Zagreb, 24/11/2000 (Agence Europe) - "Nous avons maintenant la meilleure chance dans une génération de construire la paix pour toute la région. Nous devons saisir cette chance - sinon, l'histoire ne nous les pardonnera pas", a dit le président de la Commission européenne Romano Prodi à l'ouverture du sommet de Zagreb du 24 novembre entre l'Union européenne et les pays des Balkans, sommet qui a marqué la réconciliation entre les Etats de la région, le rapprochement de ces derniers de l'Union européenne et le retour de Belgrade au sein de la communauté internationale. Maintenant, la Serbie est parmi nous, a constaté M.Prodi, en disant aux Serbes: "C'est vous qui avez dit clairement que vous voulez tirer un trait sur le passé, et aller de l'avant (...) Nous avons eu confiance en vous. Nous avons déployé des dizaines de milliers de soldats européens pour contribuer à maintenir la paix (...). Nous avons versé de vastes sommes pour la reconstruction (...). Par notre processus de stabilisation et d'association, nous avons oeuvré à associer de plus en plus étroitement la région aux structures européennes en reconnaissant que chaque pays de la région est un membre potentiel de l'Union européenne.
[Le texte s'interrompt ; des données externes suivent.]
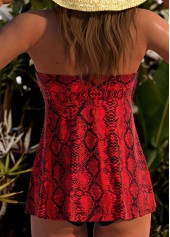 Red Mid Waisted Ruffle Snakeskin Print Tankini Set | thumb picture 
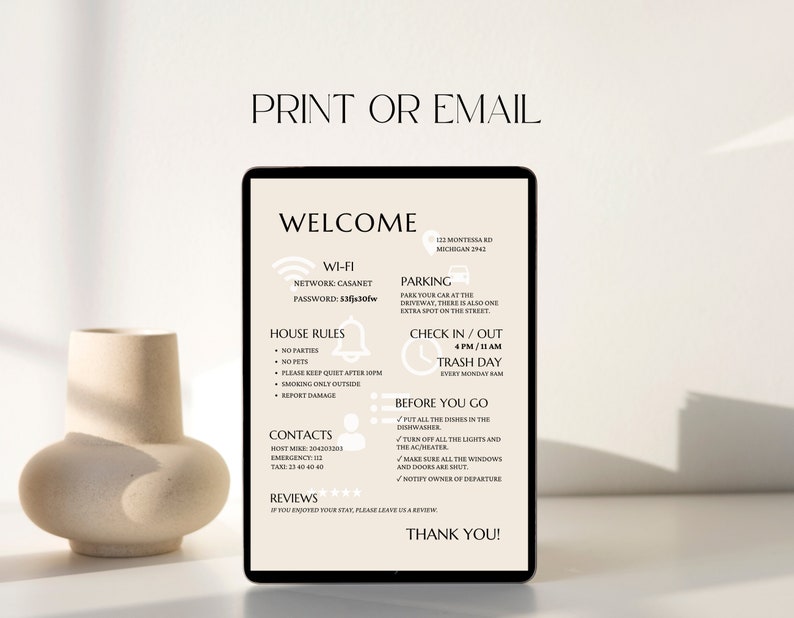 Editable Airbnb Welcome Sign Template: Vacation Rental Poster (Digital Download) image 6
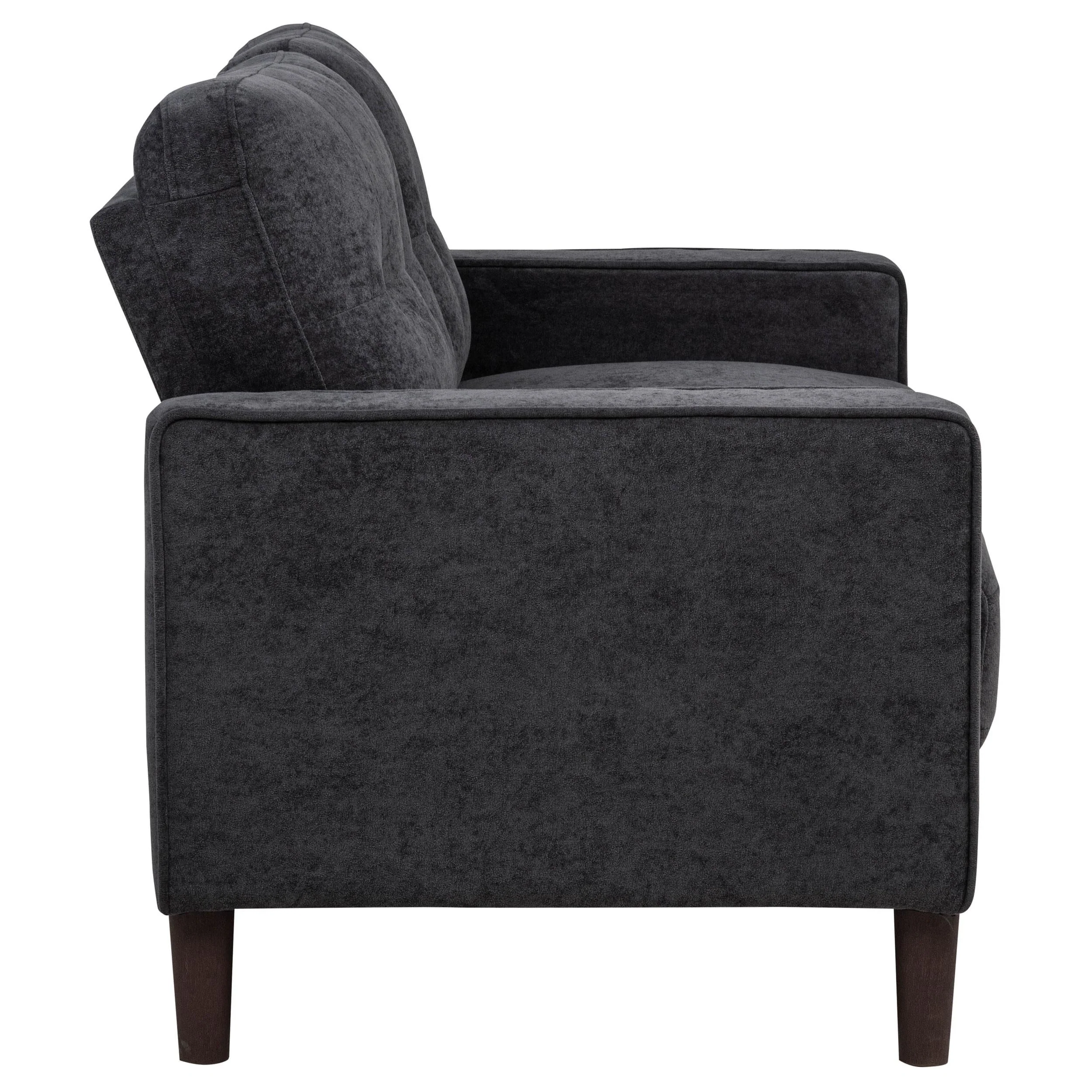 Bowen II Steel Grey Fabric Upholstered Track Arm Loveseat - Image 7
Nous reconnaissons, toutefois, que chaque pays est différent". Je me réjouis de me rendre à Belgrade ce soir, pour voir, en particulier avec le président Kostunica, comment nous pourrons contribuer au mieux à la reconstruction à long terme et la mise en place des institutions (de la nouvelle Serbie), a ajouté M.Prodi.

Quant au Haut Représentant pour la Pesc, Javier Solana, il a constaté au cours de ce bref sommet que tous les pays de la région étaient, pour la première fois, des démocraties, unies dans leur désir d'"assumer la place qui leur incombe dans la famille des nations européennes". "Qui aurait pu penser, lorsque le sommet avait été d'abord proposé par les présidents Chirac et Mesic, que ceci serait si historique? L'initiative était audacieuse", a remarqué M.Solana, en soulignant que l'UE est engagée en faveur de la "pleine intégration" des pays de la région dans la "famille européenne", mais en constatant en même temps que le poids du passé n'est pas complètement oublié (sans aucune précision à propos de l'assassinat du conseiller politique du leader albanais modéré Rugova, il a parlé des "derniers événements au Kosovo", en disant que "les responsables de ces actes criminels ne peuvent pas réussir"). La liste des tâches qui vous attendent est longue, a affirmé M.Solana, en évoquant en particulier le bon voisinage, la démilitarisation de la région, le développement des infrastructures régionales , la coopération économique, la coopération face aux défis transnationaux comme l'immigration illégale, le crime organisé, le blanchissement d'argent.

Le commissaire européen aux relations extérieures, Chris Patten, a souligné lui aussi que l'an 2000 a été "une bien meilleure année pour les Balkans et l'Europe du Sud-Est que chacun de nous n'ait pu l'espérer au départ", en citant d'abord la "révolution démocratique en Croatie" et, ensuite, "les formidables nouvelles venant de Serbie il y a quelques semaines". Nous avons dit à ces pays que, s'ils choisissent la démocratie, nous voudrons les rapprocher de la famille européenne, et c'est ce que nous faisons avec le commerce, les financements, la coopération politique, et ce sommet va marquer le lancement de ce processus, a-t-il dit.

Le sommet de Zagreb a, comme nous l'avons indiqué (voir EUROPE d'hier, p.3), été l'occasion de l'ouverture des négociations d'un accord de stabilisation et d'association UE/Croatie. Le premier ministre croate Ivica Racan a annoncé que la Croatie déposera en 2001 sa demande d'adhésion à l'Union européenne.

Lors du sommet, le président monténégrin Milo Djukanovic a demandé aux responsables de l'UE d'envisager la reconnaissance du Monténégro comme Etat indépendant, dans le cadre d'une union avec la Serbie, et , tout en disant qu'il souhaitait parvenir à un accord avec Belgrade et être prêt à engager "un dialogue patient" à ce sujet, il a annoncé qu'il convoquera un référendum sur l'indépendance d'ici la moitié de l'année prochaine. Le président serbe Vojislav Kostunica a affirmé à la même occasion qu'un départ unilatéral du Monténégro de la Rfy serait "désastreux".